◆ **DATA TO EXAMINE**:
_ _ _

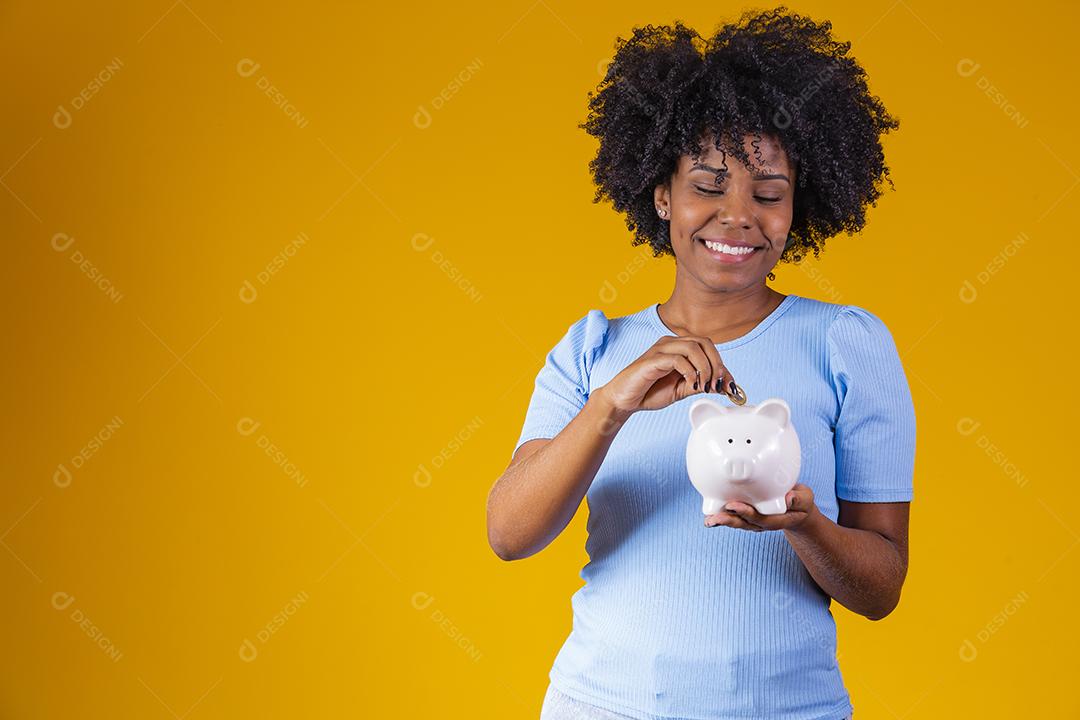 Mulher segurando moedas dinheiro cofre porco rosa fundo amarelo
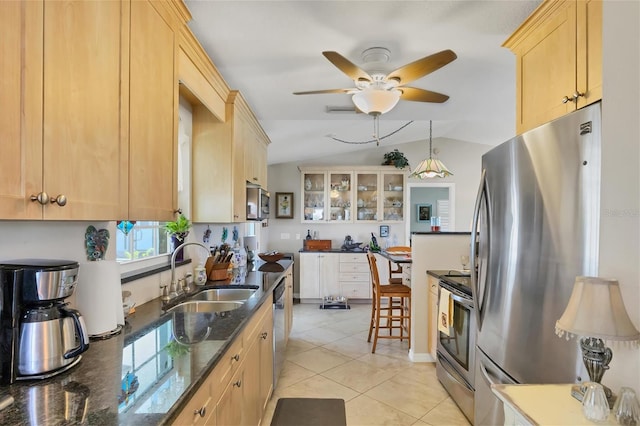 kitchen with ceiling fan, light brown cabinets, lofted ceiling, sink, and appliances with stainless steel finishes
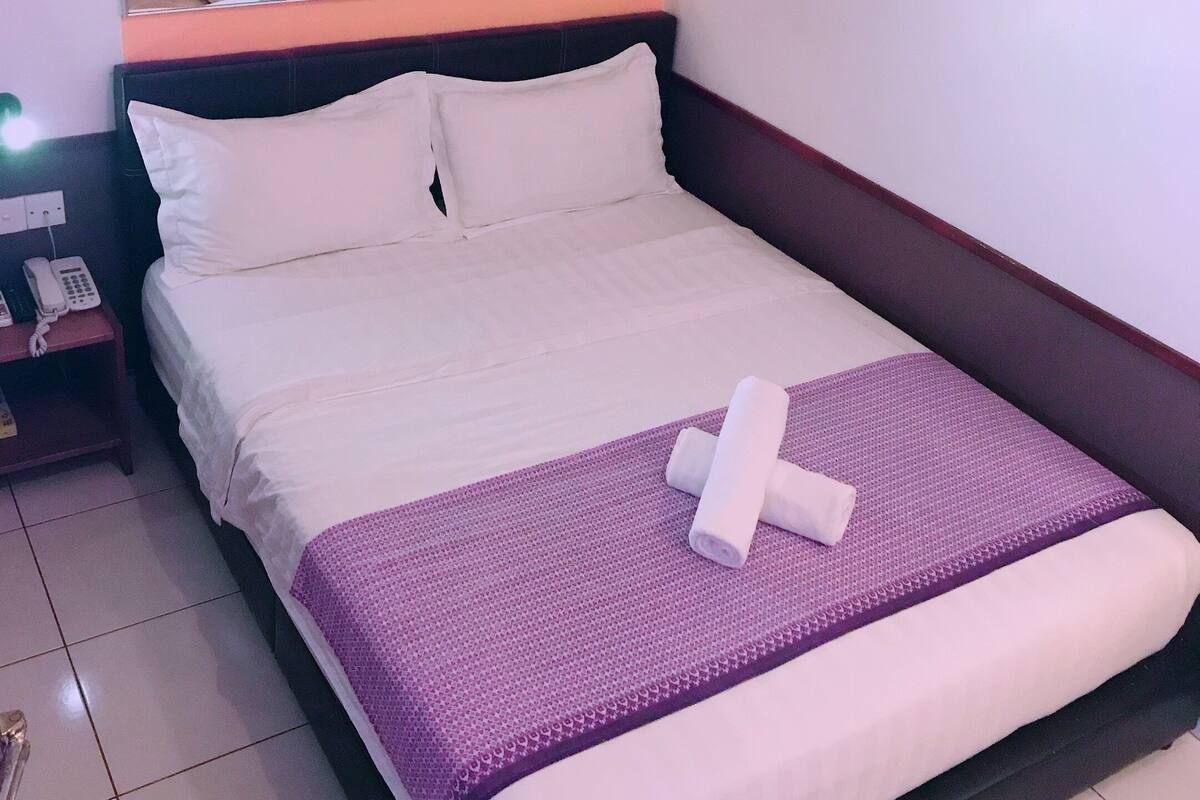 A neatly made bed with white linens, a purple blanket, and a rolled towel. There is a telephone on a nightstand beside the bed.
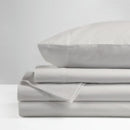The Morgan and Reid Hotel 1500 Thread Count Cotton Rich Sheet Set, with pillowcases and one pillow on top, is neatly stacked and displayed against a plain light gray background.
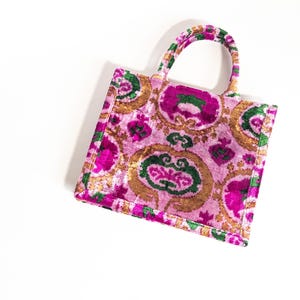 May include: A pink and green patterned tote bag with a velvet texture. The bag has a top handle and a rectangular shape.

_ _ _

◆ **PROBLEM DESCRIPTION**: Between and including the line above that contains "kitchen with ceiling" and the line that contains "A neatly made", restate every line word for word. Pictures stay out.

◆ **PROBLEM SOLUTION**:
 kitchen with ceiling fan, light brown cabinets, lofted ceiling, sink, and appliances with stainless steel finishes
 A neatly made bed with white linens, a purple blanket, and a rolled towel. There is a telephone on a nightstand beside the bed.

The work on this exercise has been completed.